No prizes for guessing what’s in store for Australian stocks today. Up, up and away.
But as one of the first markets yesterday that was able to fully digest the Federal Reserve’s recommitment to monetary stimulus for the foreseeable future, the S&P/ASX200 Index’s 1.3 per cent gain yesterday was muted cheer. The benchmark index has enjoyed a 3.3 per cent increase this week but trade has been thin amid the release of economic data, which has as its only silver lining that it may back the Reserve Bank of Australia into a corner where it will have to cut its cash rate even lower.
That’s good news for the banks.

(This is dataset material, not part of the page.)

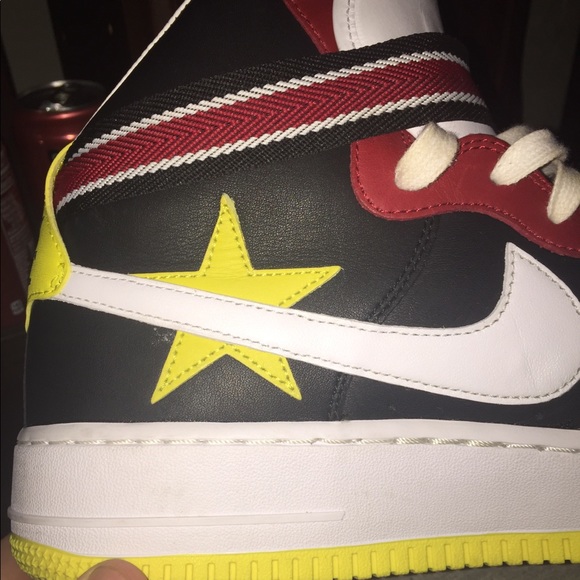 Nike Air Force 1 R.T - Picture 3 of 7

Some analysts, such as Perpetual’s Matt Sherwood, reckon the “yield trade is back on”. Citigroup’s Craig Williams, one of the most bullish bank analysts, is probably not alone among his peers when he said this week that there is “no threat to dividend payouts” from the banks even if earnings slip.
Williams expects a prospective yield of 5.9 per cent for the banks. That looks pretty good compared with what investors can get elsewhere. The yield on the Australian 10-year government bond fell to 3.72 per cent yesterday and a Reserve Bank cut would probably depress that yield even further.
Bank share prices are also on a bit of a tear. ANZ Bank shares are up 9.2 per cent since June 12. Commonwealth Bank has gained 9.8 per cent since June 7. National Australia Bank has added 6.9 per cent and Westpac shares have risen 7.4 per cent since June 12.
As depressing economic forces conspire to push the Reserve Bank into an August rate cut the robust franchises of the big four Australian banks, which have cannily raised their payout ratios look set to keep their stock prices buoyant, at least a while longer.